Overall, Carnegie Mellon's business school ranked 17th, while Penn State University's tied with five other schools for 35th.

Among business specialty programs, Carnegie Mellon's management information systems ranked second and its production operations management program ranked third. Its quantitative analysis program finished second.

Penn State's school of education was in a four-way tie for 26th and Pitt's tied for 47th. Among specialty education programs, Penn State ranked 10th in administrative/supervision; second in higher education administration; second in vocational-technical; and sixth in counseling personnel services.
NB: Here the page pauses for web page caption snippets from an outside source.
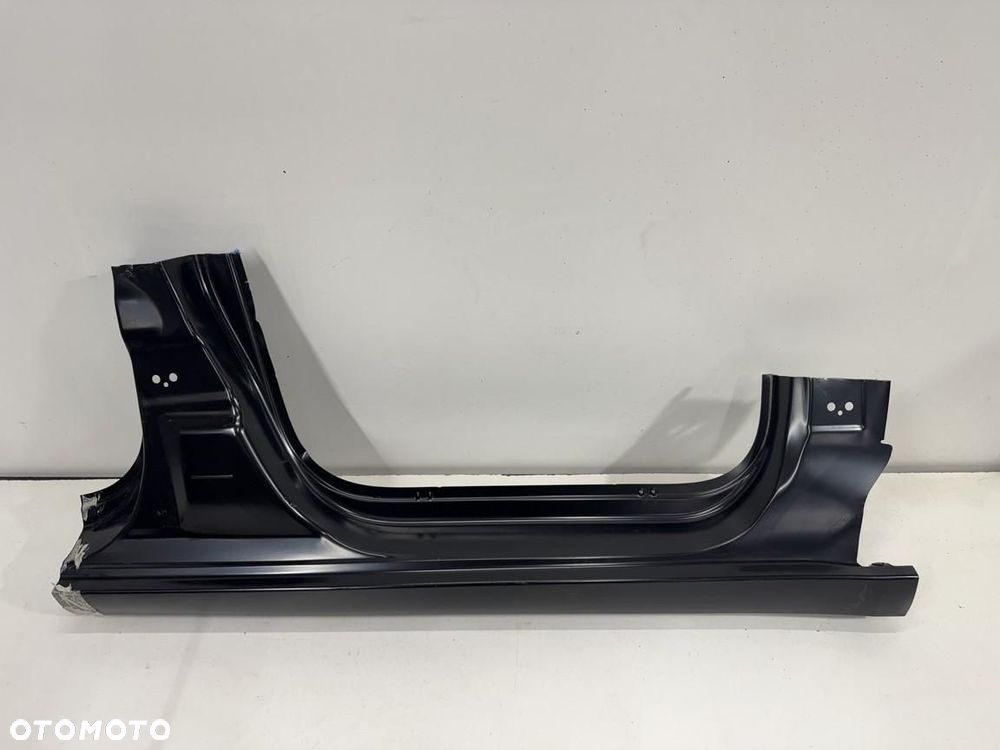 Prawe poszycie progu  Citroen c4 picasso II 1609352180 - 1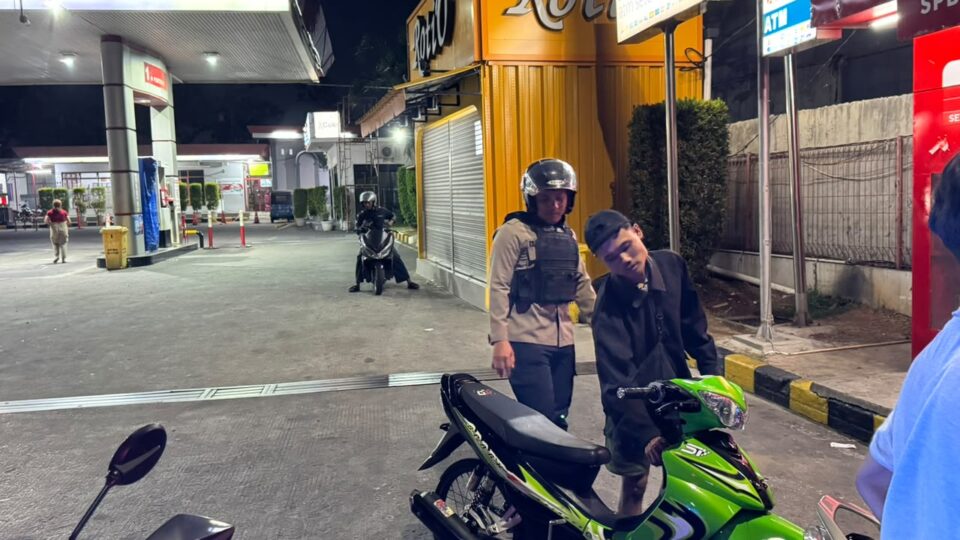 Amankan Wilayah Dini Hari, Tim 3 Singa Sat Samapta Polres Gelar Patroli Jaga Jakarta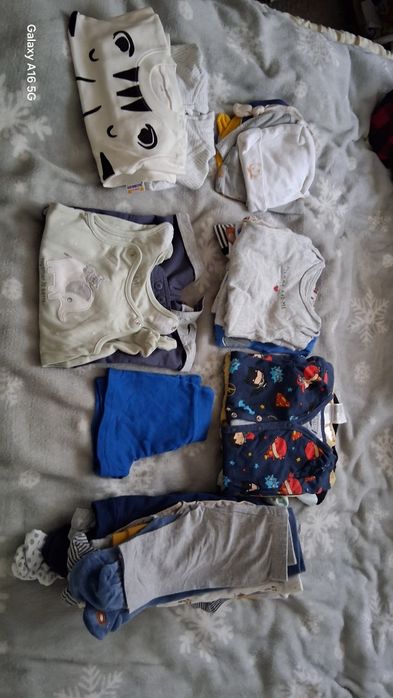 Lot hainute baietel marime 50-56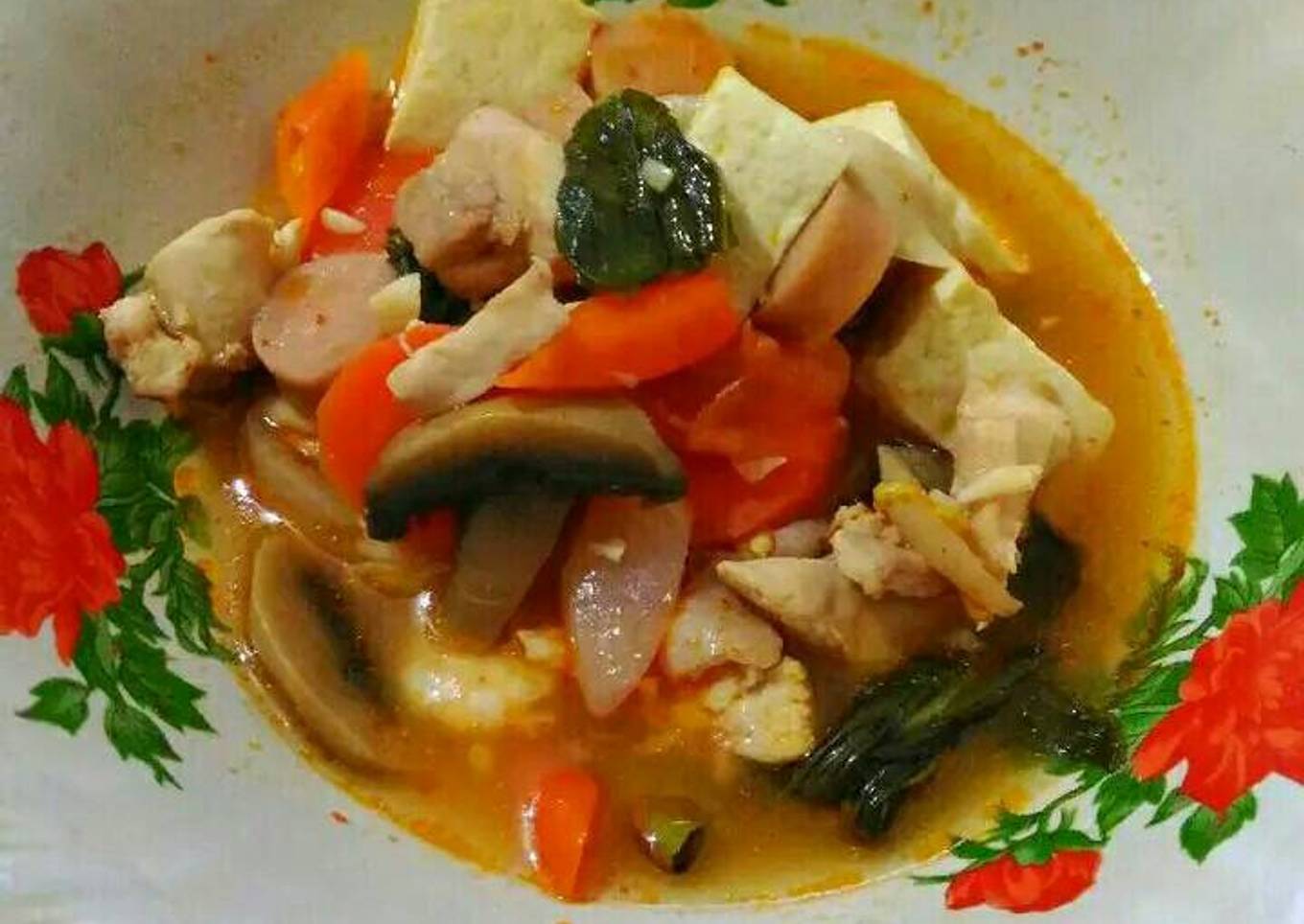 Sup Tom Yam (Ayam dan Seafood)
Among engineering schools, Carnegie Mellon ranked eighth overall and Penn State tied for 14th. Among specialty engineering programs, Penn State ranked fourth in industrial manufacturing; ninth in materials; and eighth among agricultural programs.

Carnegie Mellon's Heinz School tied for seventh overall among public affairs schools. The university's doctoral program in psychology ranked in a ninth-place tie; and its doctoral program in economics tied for 19th. The university's cognitive psychology program was ranked second behind Stanford.